By the way, do you still have mugs available? I’d love to have one, as I read your article weekly.

-Marty C.

Marty,

First, if you are proficient and experienced in cabinet painting, then by all means, you know what you’re getting into and you could move forward with the task. A lot will depend on the result you’re looking for.

Painting contractors that do this for a living usually have the best turnout aesthetics-wise, as they know the tricks of the trade and can usually get a more professional look.

If you are confident that you can achieve the look that you are going after, then you’ll save a significant amount of money doing it yourself.

The hinges are a whole different story.

Yes, most painting contractors that do cabinet work can change the hinges out for you. This takes additional skill and tools, as the European (hidden) hinges require routing out an area of the wood, along with filling holes from the existing hinges.

Again, if this is work that you can do, move forward with the project.

My personal choice is to have this type of work done. In fact, I had the cabinets done in my home about two years ago. I contracted it out and am so glad that I did, as the amount of work is extraordinary. I love the finished work and know that there is no way, even with my knowledge, that I could have achieved this high quality finish.

They do this work daily and have much more skill.

As far as the drawers, it’s likely that if you’re asking about updating the operation; that you have the old school track that the drawer slides with. This is usually a track above the drawer, and there is a guide attached to the back of the drawer that keeps it on and functioning.

The newer glides are fantastic. These attach to the side of the drawer and cabinet, and make the drawers not only slide much more smoothly, but you can buy the glides that will automatically finish the closing process for you.

You simply begin the closing process and then let go, and they slowly complete the close. They are slightly more expensive, but they are high-end. And at any time when you sell, this (along with updated cabinets) will definitely be a selling point.

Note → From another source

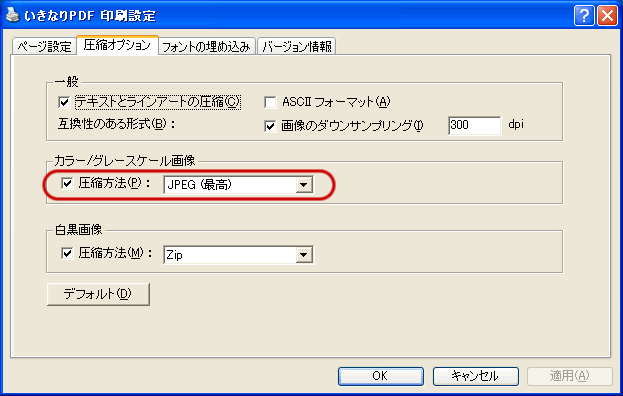 クセロPDF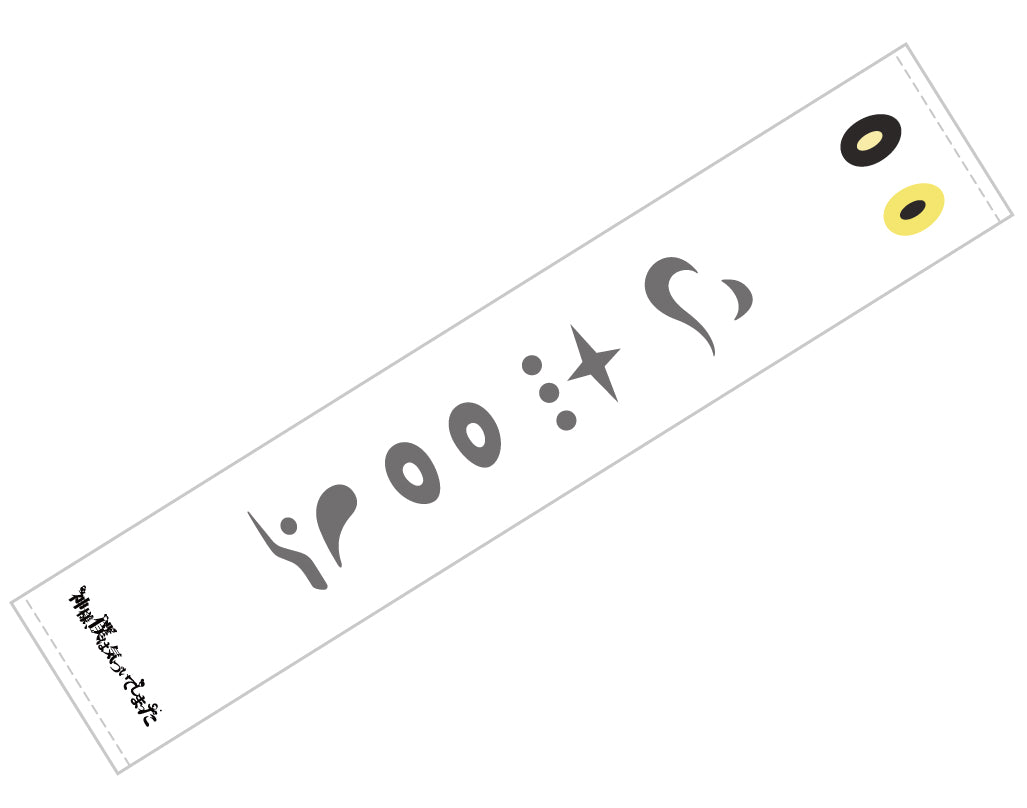 マフラータオル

Good luck with your project, let me know if you need a local recommendation for all of these applications, I can help with that.

 

Hi Robert,

Happy Thanksgiving and thank you for being willing to share your wealth of knowledge with everyone here in Santa Clarita.

The rains we just received are a “slick” reminder to me that our walkway just outside of our home, down to the sidewalk, is extremely slippery when wet.

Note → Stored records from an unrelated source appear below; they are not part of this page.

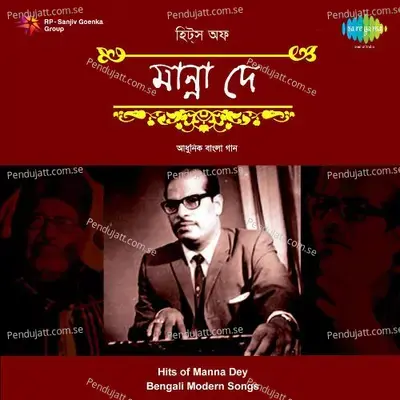 Ami Hariyechhi - Manna Dey album cover 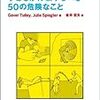 新1年生の通信教育として「リトルくらぶ」を選びました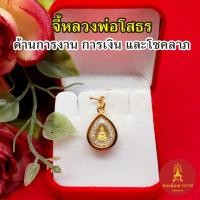 ราคา จี้พระหลวงพ่อโสธร องค์ทอง ล้อมเพชร ขนาด 1.3x1.5 cm ชุบทอง เสริมบารมี ความสำเร็จ การงาน โชคลาภ จี้ทอง งานสวย พร้อมบูชา (25612701622)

As far as I know it is the original concrete that was poured when the house was built in approximately the early 80’s, but I’ve never come in contact with concrete that is so slippery!

Is there anything that I can do as a homeowner, with not a lot of skill, to this area that will take away the slip and fall danger that we deal with?

Luckily so far no one has been seriously hurt, however, many have slipped – and a few have actually fallen. I’d like to do something quickly, before we receive more rainy weather.

I’ve attached, photos of what this looks like both wet and dry. Please share your best advice with me on what can be done.

Of course I’d like an inexpensive option but if replacing is my only choice then I can consider that, though I’d prefer to save money especially at this time of year.

Thank you in advance, for your help.

– Nancy W.

Nancy,

When the concrete is in this state, we call it “glazed.”

Its condition is from years of wear, a lot of water and walking, and the cream from the concrete is super shiny.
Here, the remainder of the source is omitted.